Dataset content:
****************************************

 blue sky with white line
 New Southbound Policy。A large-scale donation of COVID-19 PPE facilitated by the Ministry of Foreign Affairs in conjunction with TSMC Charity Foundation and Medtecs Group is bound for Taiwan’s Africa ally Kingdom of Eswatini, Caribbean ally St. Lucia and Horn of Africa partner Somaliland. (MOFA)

****************************************

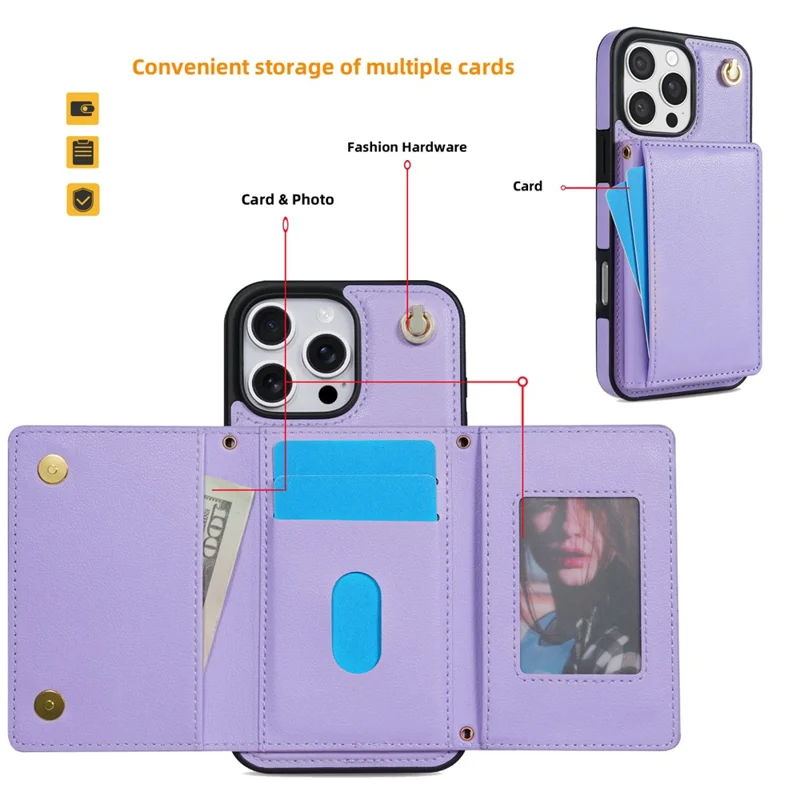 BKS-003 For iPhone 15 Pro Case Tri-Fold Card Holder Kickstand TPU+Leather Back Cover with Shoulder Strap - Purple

****************************************

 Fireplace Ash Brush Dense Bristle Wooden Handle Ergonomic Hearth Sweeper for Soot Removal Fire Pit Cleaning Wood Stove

****************************************

Requirement: Return only the stretch of the material above from the line holding "blue sky with white line" through the line holding "New Southbound Policy。A", copied exactly.

The answer:
 blue sky with white line
 New Southbound Policy。A large-scale donation of COVID-19 PPE facilitated by the Ministry of Foreign Affairs in conjunction with TSMC Charity Foundation and Medtecs Group is bound for Taiwan’s Africa ally Kingdom of Eswatini, Caribbean ally St. Lucia and Horn of Africa partner Somaliland. (MOFA)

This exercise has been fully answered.